Single by Rodney Atkins

from the album If You're Going Through Hell
- Released: October 1, 2007
- Recorded: 2006
- Genre: Country
- Length: 3:46
- Label: Curb
- Songwriters: Casey Beathard Marla Cannon-Goodman
- Producers: Ted Hewitt Rodney Atkins

Rodney Atkins singles chronology
| "These Are My People" (2007) | "Cleaning This Gun (Come On in Boy)" (2007) | "Invisibly Shaken" (2008) |

= Cleaning This Gun (Come On In Boy) =

"Cleaning This Gun (Come On in Boy)" is a song written by Casey Beathard and Marla Cannon-Goodman, and recorded by American country music artist Rodney Atkins. It was released in October 2007 as the fourth from his album If You're Going Through Hell. The song became Atkins' fourth consecutive number one hit on the Billboard Hot Country Songs chart, tying a record for most number ones from a country album since Tim McGraw's Set This Circus Down in 2001–2002.

==Content==
The song begins with the narrator's recollections of his teenage years. In the first verse, he admits that while he doesn't remember much from what he learned in high school, one thing he does remember is the speech given to him by his girlfriend's father after meeting him for the first time—a speech meant to instill fear in the boy so that he doesn't misbehave when he's with the girl, ending with "I'll see you when you get back / Bet I'll be up all night still cleanin' this gun."

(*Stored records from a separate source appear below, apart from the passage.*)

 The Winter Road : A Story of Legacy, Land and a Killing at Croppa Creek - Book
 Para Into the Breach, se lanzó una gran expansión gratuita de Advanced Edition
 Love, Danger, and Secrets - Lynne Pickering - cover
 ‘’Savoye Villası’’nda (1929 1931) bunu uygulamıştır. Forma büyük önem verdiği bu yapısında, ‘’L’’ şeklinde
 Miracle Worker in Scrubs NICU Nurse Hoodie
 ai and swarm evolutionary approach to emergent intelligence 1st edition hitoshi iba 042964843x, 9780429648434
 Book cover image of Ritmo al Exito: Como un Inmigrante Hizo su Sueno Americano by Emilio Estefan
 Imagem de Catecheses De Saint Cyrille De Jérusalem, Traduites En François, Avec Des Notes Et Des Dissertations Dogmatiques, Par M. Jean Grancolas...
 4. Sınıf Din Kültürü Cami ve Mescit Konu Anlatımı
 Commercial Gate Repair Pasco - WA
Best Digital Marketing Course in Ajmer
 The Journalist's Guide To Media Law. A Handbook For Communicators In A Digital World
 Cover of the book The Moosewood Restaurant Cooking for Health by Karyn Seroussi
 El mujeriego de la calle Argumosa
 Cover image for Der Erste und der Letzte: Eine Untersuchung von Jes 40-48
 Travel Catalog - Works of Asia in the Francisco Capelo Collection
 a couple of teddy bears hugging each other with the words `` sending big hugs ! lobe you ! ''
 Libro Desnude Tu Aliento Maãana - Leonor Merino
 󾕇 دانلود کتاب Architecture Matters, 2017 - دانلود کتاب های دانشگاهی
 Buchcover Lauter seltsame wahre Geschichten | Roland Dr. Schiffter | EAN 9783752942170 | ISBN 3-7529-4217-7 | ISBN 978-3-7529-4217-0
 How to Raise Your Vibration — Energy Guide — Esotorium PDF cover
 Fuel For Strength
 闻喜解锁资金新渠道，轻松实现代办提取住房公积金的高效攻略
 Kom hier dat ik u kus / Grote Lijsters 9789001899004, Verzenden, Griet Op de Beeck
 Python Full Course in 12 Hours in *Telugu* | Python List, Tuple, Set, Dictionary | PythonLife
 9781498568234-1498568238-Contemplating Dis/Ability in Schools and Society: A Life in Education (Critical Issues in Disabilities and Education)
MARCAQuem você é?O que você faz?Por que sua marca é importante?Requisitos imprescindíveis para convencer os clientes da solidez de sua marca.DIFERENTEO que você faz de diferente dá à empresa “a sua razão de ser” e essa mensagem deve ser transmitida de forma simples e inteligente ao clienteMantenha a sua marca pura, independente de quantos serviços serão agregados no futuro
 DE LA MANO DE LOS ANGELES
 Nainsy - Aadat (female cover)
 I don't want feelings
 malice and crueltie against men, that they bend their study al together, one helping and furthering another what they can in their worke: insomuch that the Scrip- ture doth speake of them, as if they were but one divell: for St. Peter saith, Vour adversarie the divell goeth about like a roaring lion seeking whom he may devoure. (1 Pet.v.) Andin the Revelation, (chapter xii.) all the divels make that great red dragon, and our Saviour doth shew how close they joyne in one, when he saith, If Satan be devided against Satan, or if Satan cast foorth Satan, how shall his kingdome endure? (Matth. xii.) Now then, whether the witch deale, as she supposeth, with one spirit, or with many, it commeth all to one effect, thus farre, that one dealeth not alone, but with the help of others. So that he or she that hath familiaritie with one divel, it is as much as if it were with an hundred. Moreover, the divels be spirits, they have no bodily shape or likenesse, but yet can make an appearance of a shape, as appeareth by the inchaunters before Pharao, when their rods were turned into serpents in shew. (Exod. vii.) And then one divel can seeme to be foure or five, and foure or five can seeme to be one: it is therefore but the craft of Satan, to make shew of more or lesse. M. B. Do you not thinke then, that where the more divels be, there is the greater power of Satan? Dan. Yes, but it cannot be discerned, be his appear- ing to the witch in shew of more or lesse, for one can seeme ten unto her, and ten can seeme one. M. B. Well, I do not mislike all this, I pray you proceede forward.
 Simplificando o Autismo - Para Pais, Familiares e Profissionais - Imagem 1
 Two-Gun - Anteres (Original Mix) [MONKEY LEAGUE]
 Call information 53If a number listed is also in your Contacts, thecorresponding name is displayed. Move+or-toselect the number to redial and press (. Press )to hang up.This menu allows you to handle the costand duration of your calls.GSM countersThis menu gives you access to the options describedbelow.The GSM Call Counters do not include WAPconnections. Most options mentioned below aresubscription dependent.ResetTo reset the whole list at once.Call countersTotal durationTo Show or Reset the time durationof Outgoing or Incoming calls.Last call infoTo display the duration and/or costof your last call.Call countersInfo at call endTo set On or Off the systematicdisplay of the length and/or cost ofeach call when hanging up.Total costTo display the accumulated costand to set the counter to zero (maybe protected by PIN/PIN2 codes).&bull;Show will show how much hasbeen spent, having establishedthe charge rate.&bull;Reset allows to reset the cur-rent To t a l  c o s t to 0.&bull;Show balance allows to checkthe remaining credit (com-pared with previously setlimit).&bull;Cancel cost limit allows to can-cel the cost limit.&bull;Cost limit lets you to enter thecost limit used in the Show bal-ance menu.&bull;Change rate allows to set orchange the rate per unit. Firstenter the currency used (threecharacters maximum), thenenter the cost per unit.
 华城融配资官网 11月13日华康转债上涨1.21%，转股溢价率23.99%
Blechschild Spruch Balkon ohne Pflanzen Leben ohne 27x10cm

In the second verse, the narrator, who's now a father himself, confesses that he's "scared to death" that his own daughter is going to find a boyfriend who was just like him when he was in high school ("That teenage boy I used to be / Seems to have just one thing on his mind"), and he'll need to give that same speech to his daughter's boyfriend.

In a short bridge later in the song, the narrator admits that the approach is merely to intimidate the young suitor, but that it's extremely effective ("It's all for show, ain't nobody gonna get hurt / It's just a Daddy thing, but hey, believe me: man, it works").

The song concludes with the narrator speaking to the boyfriend with "Yeah, son, y'all buckle up and have her back by 10, uh, let's say about 9:30. Drive safe!"

==In popular culture==
- The song is featured in the films The Bourne Legacy and Neighbours.

==Chart performance==

| Chart (2007–2008) | Peak position |
|---|---|
| Canada Country (Billboard) | 5 |
| Canada Hot 100 (Billboard) | 84 |
| US Billboard Hot 100 | 40 |
| US Hot Country Songs (Billboard) | 1 |

===Year-end charts===

| Chart (2008) | Rank |
|---|---|
| US Country Songs (Billboard) | 9 |

==Certifications==

| Region | Certification | Certified units/sales |
| United States (RIAA) | Platinum | 1,000,000^{‡} |
^{‡} Sales+streaming figures based on certification alone.